Biddable Keyword: +Oak +Furniture

May show for the following example “Matched keywords”: Oak Furniture Reviews, Furniture made from Oak, Oak Dining Room Furniture

By using the “+” modifier we are making the biddable keyword less broad than its broad match counterpart. The words “Oak” and “furniture” will always appear in the matched keywords in any order and additional words may also be matched.


Phrase Match

Biddable Keyword: “Oak Furniture”

 May show for the following example “Matched keywords”: Oak Furniture for sale, cheap oak furniture, oak furniture shops

Phrase match biddable keywords allow your ads to show for terms that include the keywords as a phrase meaning: All words in the order specified.


Exact Match

Biddable Keyword: [Oak Furniture]

 May show for the following example “Matched keywords”: Oak Furniture, Oak Funiture (Misspelling intended).

Exact match shows your ad for search terms that match the biddable term identically (but includes misspellings).


Negative Match

Negative Keyword: -Cheap

Negative keywords avoid your ads showing for keywords that are not relevant / do not convert. In the example about, adding “cheap” as a negative keyword avoids your ads showing for terms that include the word “cheap” or similar variations.


Common AdWords Keyword Mistakes

There are a few misconceptions when it comes to keywords in Google AdWords: When an account is set up, in most cases it is impossible to anticipate an exhaustive list of negative keywords, it is impossible to know, without any doubt which match types will perform better so it’s imperative you set goals and expectations accordingly. Test and measure is the key here.

The following lists detail real examples of AdWords campaigns that didn’t deliver, and why,


Problem: AdWords doesn’t work – It sent low levels of traffic and didn’t convert.
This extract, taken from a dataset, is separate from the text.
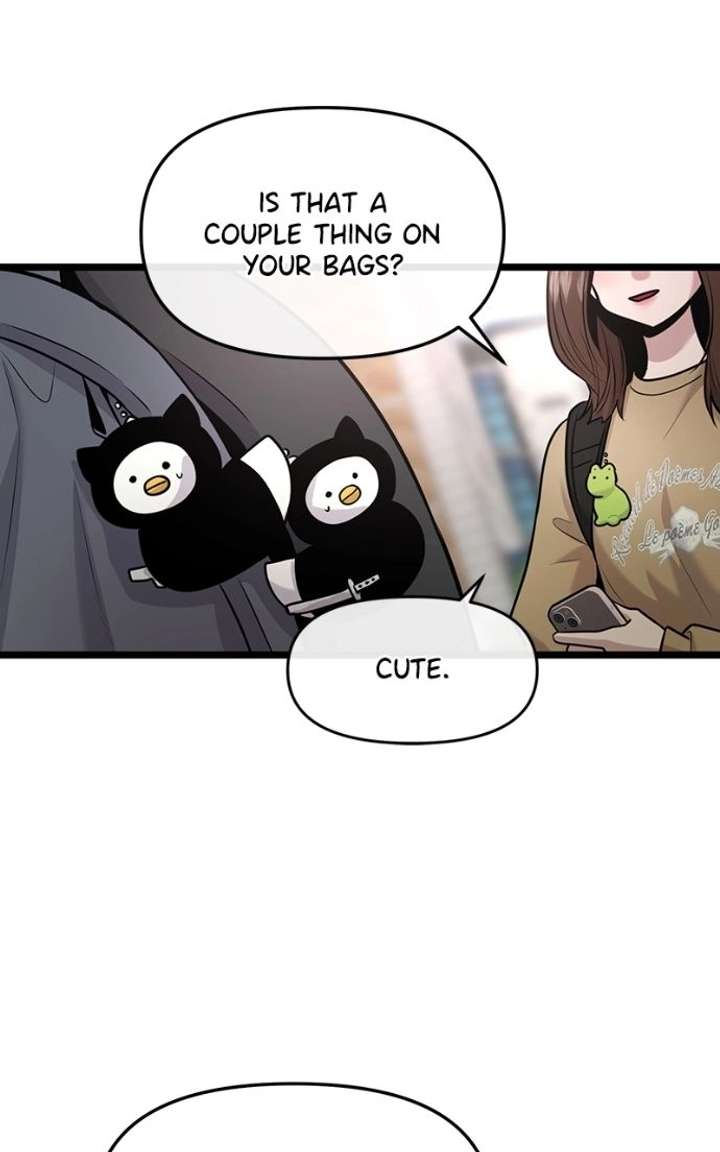Back to Chanbi - Chapter 85 Page 6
Client had all exact match keywords for keywords he thought were relevant. We all search in different ways: Building keyword lists around what YOU think will work is destined to fail. Start with biddable keywords with various match types and collect data: Adjust keyword list and match types according to what works for your VISITORS.


Problem: I don’t want to be known as a “cheap” supplier but a “quality” supplier yet campaign performs & converts worse when calls to action favour “quality” over “cheap”

Similar to example one, your perceptions of your brand is not as important as the perception of your customers. If a certain type of language in adverts performs better then it is a huge mistake to deviate from this to flatter your own perceptions. The numbers do not lie: if something works, then it works.


Problem: My adverts show for keywords that are not relevant – I don’t even sell XYZ.

Negative keywords will reduce occurrences of this happening, but it needs to happen to learn what negative keywords to add. It is impossible to anticipate every possible search query so it’s crucial negative keywords are added regularly and based on data obtained from “matched keywords”.
This can be further controlled by the use of different match types but a word of warning: If your objective is to scale your advertising as far as possible for the best long term returns then overly restricting match types could “stifle” your ad campaigns. Continuing adding negative keywords and improving performance incrementally to avoid your advertising reaching a premature plateau is the smart option.


Problem: My ad campaigns is profitable but I want more sales however I don’t want to spend more.

Not strictly keyword relevant however, this is a common issue and the reasoning behind it I cannot answer however: If your AdWords campaigns are delivering good ROI then provided there is adequate search volume you should be able to increase your budget and have your conversions increase at the same rate.

Look at your AdWords account and under “Campaigns” check to see if they are “Limited by Budget”. If so, increasing your budget will ensure your ads show and therefore convert more often.